Essi, nati a l'amore, a cui l'aurora De l'avvenir sorride Ne le limpide fronti, odiino ancora, Come chi molto vide.

Mirate, udite, o avversi continenti. O monti al ciel ribelli, Isole e voi ne l'oceàn fiorenti Di boschi e di vascelli;

E tu che inciampi, faticosa ancella, Europa, in su la via; E tu che segui pe' i gran mar la stella Che al Penn si discovria;

E voi che sotto i furiosi raggi Serpenti e re nutrite, Africa ed Asia, immani, e voi selvaggi, Voi, pelli colorite;

E tu, sole divino: ecco l'onesto Veglio, rosso le mani Di sangue e 'l viso di salute: è questo L'angel de gli Sciuani.

Ei, prima che il fatale esecutore Lo spazzo abbia lavato, Esce raggiante a delibar l'orrore Del popolo indignato.

Ei, di demenza orribile percosso, Com'ebbro il capo scuote, E vorria pur vedere un po' di rosso Ne l'òr de le sue ruote.

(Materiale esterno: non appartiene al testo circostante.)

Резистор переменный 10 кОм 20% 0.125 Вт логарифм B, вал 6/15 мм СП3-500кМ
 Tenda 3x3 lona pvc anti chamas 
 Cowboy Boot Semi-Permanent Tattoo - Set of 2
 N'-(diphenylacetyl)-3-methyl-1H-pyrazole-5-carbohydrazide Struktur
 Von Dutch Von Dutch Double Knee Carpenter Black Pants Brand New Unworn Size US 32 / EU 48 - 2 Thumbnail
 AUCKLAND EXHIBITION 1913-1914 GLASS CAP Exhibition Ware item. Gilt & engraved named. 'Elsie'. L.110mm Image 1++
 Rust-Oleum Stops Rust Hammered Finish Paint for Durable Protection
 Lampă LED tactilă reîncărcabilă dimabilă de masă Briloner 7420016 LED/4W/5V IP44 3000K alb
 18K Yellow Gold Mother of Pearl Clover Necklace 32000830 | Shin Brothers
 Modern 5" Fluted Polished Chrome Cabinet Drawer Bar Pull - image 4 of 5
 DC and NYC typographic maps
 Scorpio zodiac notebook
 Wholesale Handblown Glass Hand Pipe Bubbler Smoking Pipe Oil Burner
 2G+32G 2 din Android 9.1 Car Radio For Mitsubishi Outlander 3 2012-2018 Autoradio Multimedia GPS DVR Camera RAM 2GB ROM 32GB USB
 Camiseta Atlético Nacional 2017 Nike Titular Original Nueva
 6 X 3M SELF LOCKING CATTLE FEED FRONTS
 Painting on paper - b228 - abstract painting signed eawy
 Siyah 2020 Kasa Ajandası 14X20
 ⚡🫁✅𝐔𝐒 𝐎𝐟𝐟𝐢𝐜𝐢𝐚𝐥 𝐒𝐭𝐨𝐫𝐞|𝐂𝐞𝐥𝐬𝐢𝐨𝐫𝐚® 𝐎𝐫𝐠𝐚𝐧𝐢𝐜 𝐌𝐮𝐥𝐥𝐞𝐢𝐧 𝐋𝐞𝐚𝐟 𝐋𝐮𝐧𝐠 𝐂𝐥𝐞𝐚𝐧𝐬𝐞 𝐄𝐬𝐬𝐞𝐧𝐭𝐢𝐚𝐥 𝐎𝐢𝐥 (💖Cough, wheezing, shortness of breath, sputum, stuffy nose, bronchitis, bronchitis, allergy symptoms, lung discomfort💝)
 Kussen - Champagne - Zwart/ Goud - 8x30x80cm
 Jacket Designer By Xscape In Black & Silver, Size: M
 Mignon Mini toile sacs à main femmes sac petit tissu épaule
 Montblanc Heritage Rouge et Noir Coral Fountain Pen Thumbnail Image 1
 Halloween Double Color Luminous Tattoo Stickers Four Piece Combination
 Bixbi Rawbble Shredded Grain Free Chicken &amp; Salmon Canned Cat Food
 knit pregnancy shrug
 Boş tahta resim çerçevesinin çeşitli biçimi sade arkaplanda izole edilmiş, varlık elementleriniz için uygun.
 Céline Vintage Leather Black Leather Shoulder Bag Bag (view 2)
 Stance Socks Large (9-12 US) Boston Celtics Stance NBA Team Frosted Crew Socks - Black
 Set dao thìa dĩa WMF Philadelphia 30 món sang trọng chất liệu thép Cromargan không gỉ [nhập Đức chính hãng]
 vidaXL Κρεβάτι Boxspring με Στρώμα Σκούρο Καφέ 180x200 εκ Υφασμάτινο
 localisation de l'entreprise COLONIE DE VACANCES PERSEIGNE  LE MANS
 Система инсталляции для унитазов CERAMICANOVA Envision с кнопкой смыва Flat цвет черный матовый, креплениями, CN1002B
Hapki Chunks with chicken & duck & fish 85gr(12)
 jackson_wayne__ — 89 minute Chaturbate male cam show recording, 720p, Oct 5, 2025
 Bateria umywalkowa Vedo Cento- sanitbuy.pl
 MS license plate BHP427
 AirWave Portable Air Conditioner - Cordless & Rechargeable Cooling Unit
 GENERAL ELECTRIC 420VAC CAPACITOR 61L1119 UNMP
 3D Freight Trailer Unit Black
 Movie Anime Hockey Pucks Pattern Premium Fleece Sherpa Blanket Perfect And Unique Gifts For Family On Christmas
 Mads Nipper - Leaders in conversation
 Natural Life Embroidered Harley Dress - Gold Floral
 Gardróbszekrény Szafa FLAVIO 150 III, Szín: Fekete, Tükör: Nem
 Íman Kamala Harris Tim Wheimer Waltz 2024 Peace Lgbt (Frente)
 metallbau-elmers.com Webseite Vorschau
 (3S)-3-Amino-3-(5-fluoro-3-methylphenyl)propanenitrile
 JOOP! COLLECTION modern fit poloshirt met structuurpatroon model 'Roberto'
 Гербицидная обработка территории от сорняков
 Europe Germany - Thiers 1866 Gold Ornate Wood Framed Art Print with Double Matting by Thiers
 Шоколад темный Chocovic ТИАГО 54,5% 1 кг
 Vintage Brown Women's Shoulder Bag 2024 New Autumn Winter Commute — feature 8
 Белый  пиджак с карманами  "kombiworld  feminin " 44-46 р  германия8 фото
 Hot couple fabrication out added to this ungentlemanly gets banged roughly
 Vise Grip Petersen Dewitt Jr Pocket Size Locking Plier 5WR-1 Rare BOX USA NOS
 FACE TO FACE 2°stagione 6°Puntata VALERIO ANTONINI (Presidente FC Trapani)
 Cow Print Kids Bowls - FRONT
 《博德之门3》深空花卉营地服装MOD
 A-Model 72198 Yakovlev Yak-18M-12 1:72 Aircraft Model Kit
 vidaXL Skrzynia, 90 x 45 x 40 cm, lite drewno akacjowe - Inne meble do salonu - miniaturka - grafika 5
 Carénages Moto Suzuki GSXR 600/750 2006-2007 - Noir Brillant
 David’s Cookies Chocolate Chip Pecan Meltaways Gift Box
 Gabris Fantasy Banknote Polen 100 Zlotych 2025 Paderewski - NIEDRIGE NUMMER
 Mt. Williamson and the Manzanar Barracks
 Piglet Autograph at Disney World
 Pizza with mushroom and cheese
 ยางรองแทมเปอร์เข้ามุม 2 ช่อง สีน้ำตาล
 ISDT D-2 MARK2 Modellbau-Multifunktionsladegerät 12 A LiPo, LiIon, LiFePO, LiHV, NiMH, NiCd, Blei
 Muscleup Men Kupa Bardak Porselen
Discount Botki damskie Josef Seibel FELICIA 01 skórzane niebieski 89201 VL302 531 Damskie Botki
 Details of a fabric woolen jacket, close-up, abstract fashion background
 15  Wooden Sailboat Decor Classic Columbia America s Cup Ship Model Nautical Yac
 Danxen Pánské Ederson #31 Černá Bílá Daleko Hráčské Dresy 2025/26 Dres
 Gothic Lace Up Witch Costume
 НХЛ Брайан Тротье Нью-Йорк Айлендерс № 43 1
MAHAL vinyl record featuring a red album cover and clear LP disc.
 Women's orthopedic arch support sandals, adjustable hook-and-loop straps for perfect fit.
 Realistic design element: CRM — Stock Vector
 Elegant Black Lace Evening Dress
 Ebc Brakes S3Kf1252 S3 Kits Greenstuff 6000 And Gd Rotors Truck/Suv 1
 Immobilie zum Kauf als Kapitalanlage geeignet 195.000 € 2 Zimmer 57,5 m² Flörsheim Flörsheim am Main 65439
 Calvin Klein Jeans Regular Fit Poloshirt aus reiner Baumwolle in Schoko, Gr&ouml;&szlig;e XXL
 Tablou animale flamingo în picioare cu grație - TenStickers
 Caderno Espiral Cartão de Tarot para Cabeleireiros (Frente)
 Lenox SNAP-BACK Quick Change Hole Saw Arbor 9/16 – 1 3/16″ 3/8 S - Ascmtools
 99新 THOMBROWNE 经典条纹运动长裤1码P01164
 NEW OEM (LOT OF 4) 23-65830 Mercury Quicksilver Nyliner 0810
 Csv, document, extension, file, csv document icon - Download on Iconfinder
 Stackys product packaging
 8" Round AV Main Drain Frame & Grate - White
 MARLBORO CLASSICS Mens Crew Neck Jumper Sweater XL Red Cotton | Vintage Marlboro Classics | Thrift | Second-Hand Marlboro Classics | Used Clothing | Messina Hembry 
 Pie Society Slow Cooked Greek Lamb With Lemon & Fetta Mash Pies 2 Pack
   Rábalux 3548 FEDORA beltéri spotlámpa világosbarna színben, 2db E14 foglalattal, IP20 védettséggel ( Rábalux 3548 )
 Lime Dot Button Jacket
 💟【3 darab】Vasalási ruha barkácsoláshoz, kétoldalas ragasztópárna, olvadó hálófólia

Veglio! son pompe di ferocie vane In che il tuo cor si esala, E in van t'afforza a troncar teste umane Quei che salvò i La Gala.

Due tu spegnesti; e a la chiamata pronti Son mille, ancor più mille. I nostri padiglion splendon su i monti, Ne' piani e per le ville,

Dovunque s'apre un'alta vita umana A la luce a l'amore: Noi siam la sacra legion tebana, Veglio, che mai non muore.

Sparsa è la via di tombe, ma com'ara Ogni tomba si mostra: La memoria de i morti arde e rischiara La grande opera nostra.

Savi, guerrier, poeti ed operai, Tutti ci diam la mano: Duro lavor ne gli anni, e lieve omai Minammo il Vaticano.

Splende la face, e il sangue pio l'avviva; Splende siccome un sole: Sospiri il vento, e su l'antica riva Cadrà l'orrenda mole.

E tra i ruderi in fior la tiberina Vergin di nere chiome Al peregrin dirà: Son la ruina D'un'onta senza nome.